What can we say about Pondicherry that hasn’t already been said? Sunny beaches, quaint colonial quarters and lip-smacking French food there’s absolutely nothing not to like about Pondicherry. Go surfing or get lost in the tree-lined avenues or find answers to life’s greatest problems at Auroville, Pondicherry is everything you expect and more!
There is a reason why Kodaikanal is known as the Princess of Hill Stations. Literally translated, the name Kodaikanal means ‘gift of the forest’ and it definitely is one. Located some 120 km away from Madurai, Kodaikanal is particularly popular with honeymooners. The star-shaped lake where rowboats can be hired from the boat club, Bryant Park, a beautifully maintained botanical garden, Coaker’s Walk, a scary-as-hell paved path along the steep slopes of the mountain and Dolphin’s Nose, where the views are breathtaking, are all simply additions to why you should make a trip really soon.
From the Princess of Hill Stations to the Queen of Hill Stations, Ooty. Developed only a few decades ago, the town is fondly called ‘Snooty Ooty’. With some beautiful Raj-era bungalows, the town offers a perfect mix of old and new. With the Botanical Gardens and the Doddabetta Peak serving as some of the most popular tourist attractions, Ooty sees tourists from all over the world. But that’s not all. Not only is it a beautiful town, but the ride to it is just as beautiful. You can choose to drive up the ghats that give you beautiful views of the valley or you can sit back in a toy train that rides along the mountainside and offers an even better view. What are you waiting for?
Known for its beautiful beaches, its handloom industry and the ritualistic performing art Theyyam, Kannur should definitely be on your list of places to visit. The St. Angelo Fort built by the Portuguese, the Payyambalam Beach where the coastline is unbroken for a few kilometres, the Arakkal Museum, home of the only Muslim royal family of Kerala and the Kannur Lighthouse near Sea-view park are all sights to take in at this beautiful town. But how often will you find a ferry ride that offers a view of the setting sun? So get to Kannur and take a ride on the Azhikkal Ferry boat as soon as you possibly can.

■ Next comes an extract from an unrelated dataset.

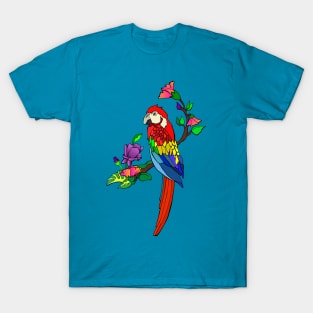 red macaw bird T-Shirt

To end things off on a slightly more religious note, Rameswaram. One of the most famous Hindu pilgrimage areas of south India, the town is known for its beautiful Ramanathswamy Temple. With the longest corridor in the world, the Ramanathswamy Temple is believed to be the place where Rama begged for penance after having killed Ravana. It is believed that in order to reach Lanka, Rama built a bridge from this small town that finds mention in the Ramayana. A boat ride will give you views of some of the most beautiful corals, while jeeps and other four-wheel drives will take you right up to the end of the land.
Welcome to the cultural capital of Tamil Nadu! Thanjavur is just as popular for its temples, arts and handicrafts as it is known for its paintings and rich history. Believed to have been named after an asura (or a demon) Tanjan who was killed by Vishnu, Thanjavur shot into prominence as the capital of the mighty Cholas between the 11th and 14th century when they constructed several temples and developed it as an important centre of art and culture. Though it ceased to be the capital after the end of Chola rule, Thanjavur remained an important city. It became a capital again under the Marathas. Remnants of Thanjavur’s historic past can be seen in its grand buildings. Visit the 11th-century Brahadeeswarar temple that is the city’s main attraction or drop by at the Thanjavur Royal Palace, Saraswathi Mahal Library and the Vijaynagara fort. Each of these buildings speak eloquently of the city’s past.